The gentleman who administers my PT sent me a video on how to stack ribs over pelvis, accompanied by a loud Flo Rida song that made my husband execute a comic double-take. I'm attempting this rib-stacking, though decades of bad habits render the practice a chore. The will to improve gets fortified by long hours standing on concrete pool decks and such painful morning stiffness that I hobble to my dresser as a way station en route to the bathroom—a journey that shouldn't require strategic planning.
As I lay prone one day last week, willing my back to release and reflecting on my fleeting energy reserves, I stumbled across Lisa Miller's essay "How I Learned to Love Lifting Heavy" in the New York Times. Miller reveals she lifts heavy weights for the anxiolytic effect, a term I had to look up. "Anxiolytic" describes several classes of drugs that reduce anxiety, but I love its application to weightlifting. Exercise has served as my preferred method of reducing stress and outrunning anxiety since I was thirteen, before I even had vocabulary for what I needed to escape.
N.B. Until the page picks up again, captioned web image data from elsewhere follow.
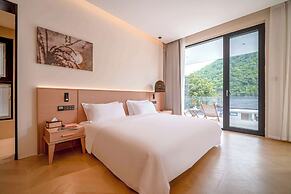 Wuxing Qinglan Homestay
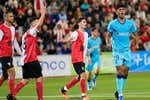 Quién es Malcom Adu Ares Djaló, jugador del Athletic que marcó gol en Copa del Rey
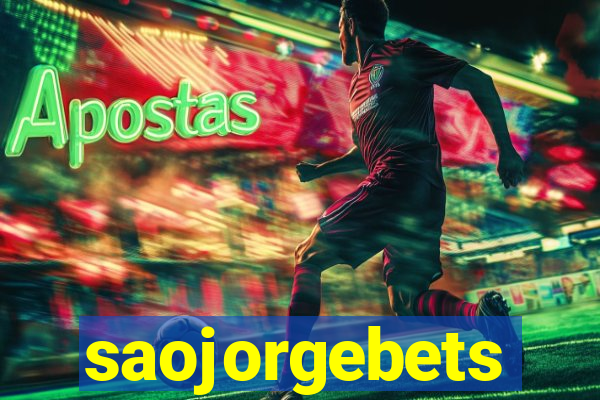 saojorgebets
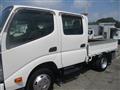2021 Toyota Dyna Truck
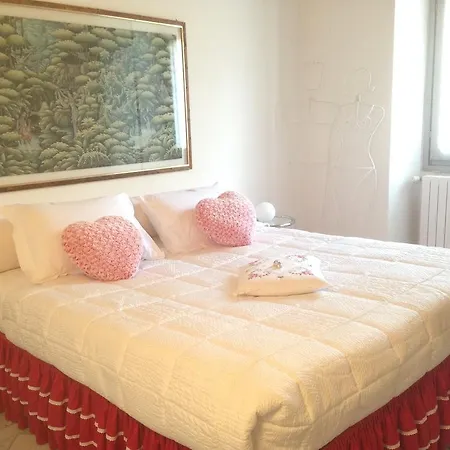 Apartment Dimora Del Riccio 2 Bergamo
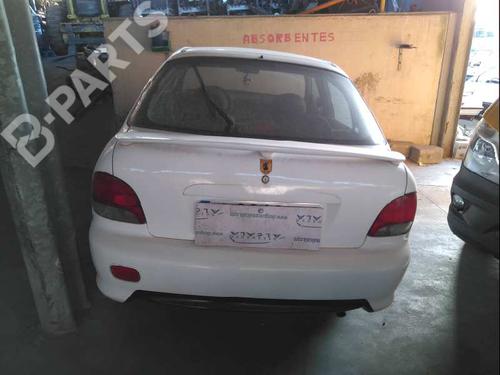 Used Parts HYUNDAI ACCENT I (X-3)    1154574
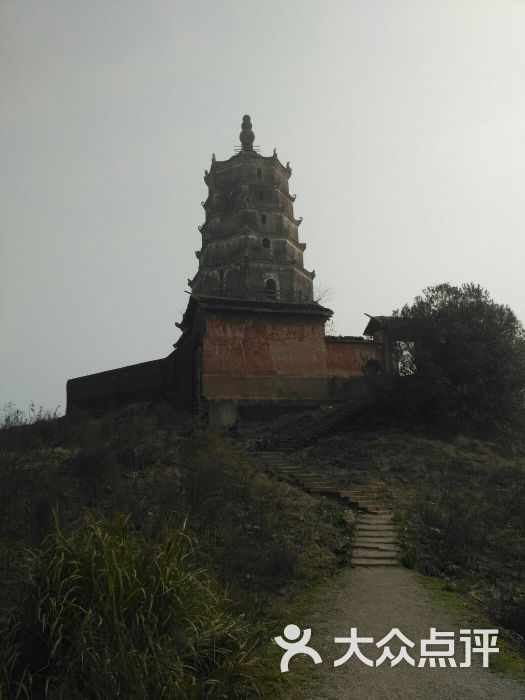 雁峰寺-图片-衡阳周边游-大众点评网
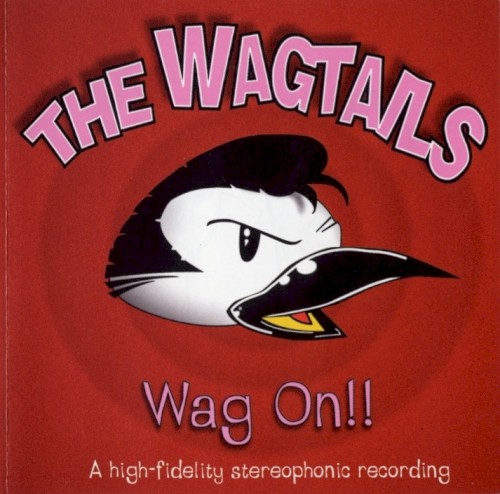 Wag On!!
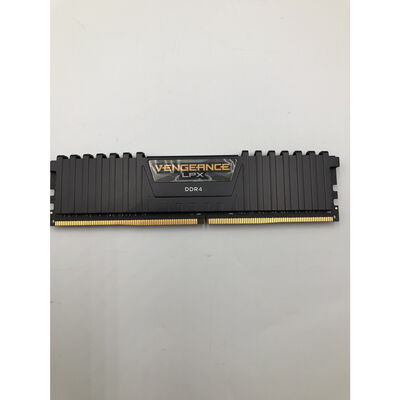 【水戸赤塚店】中古  CORSAIR VENGENCE LPX CM32GX4M2E3200C16 DDR4-3200 16GB 4680002390 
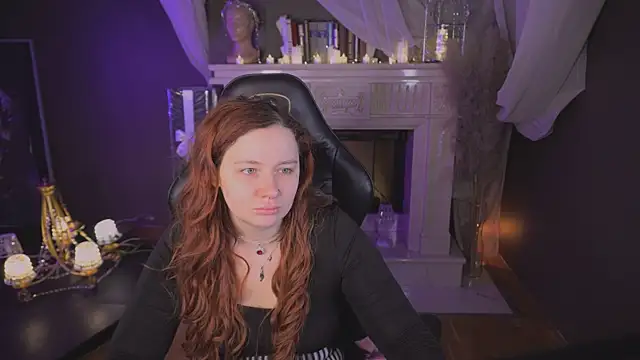 Snapshot of carolina_elf chatting on November 26, 2025, 12:27 pm carolina elf online show from November 26, 2025, 12:27 pm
In recent years, I've embraced lifting heavy. I've wandered in and out of weight rooms since high school, though usually with ill-conceived routines and less than ideal target weights. When I was coming up in swimming, we operated under the philosophy that swimming massive yardage would make you faster. While this approach might work for the 500, I never found it particularly helpful for the 50.
My son and daughter educated me on form, maxes, and exercise combinations that translate to pool performance. They learned from their club coach—with whom I now work—then refined their knowledge in college. With my daughter spotting me, I hit a lifetime best on bench press recently. I felt immense pride—followed by immense exhaustion. The exercise routines I'd been using to manage the stress of coaching had been drawing from the same limited energy stores, precipitating the inevitable collapse.
My healers help immensely, as does rest. Today I learned a new practice called "sweeping," developed by Buddhist monks, which focuses on mental release rather than physical manipulation. I need to practice this technique before describing it in full or recommending it—I've tried it only once—but I'm intrigued by the possibility of putting my mind as well as my body to rest. Spring and summer wait just beyond the corner, and it's time to emerge from this mini-hibernation, ribs stacked, breath deepened, ready to meet whatever comes next.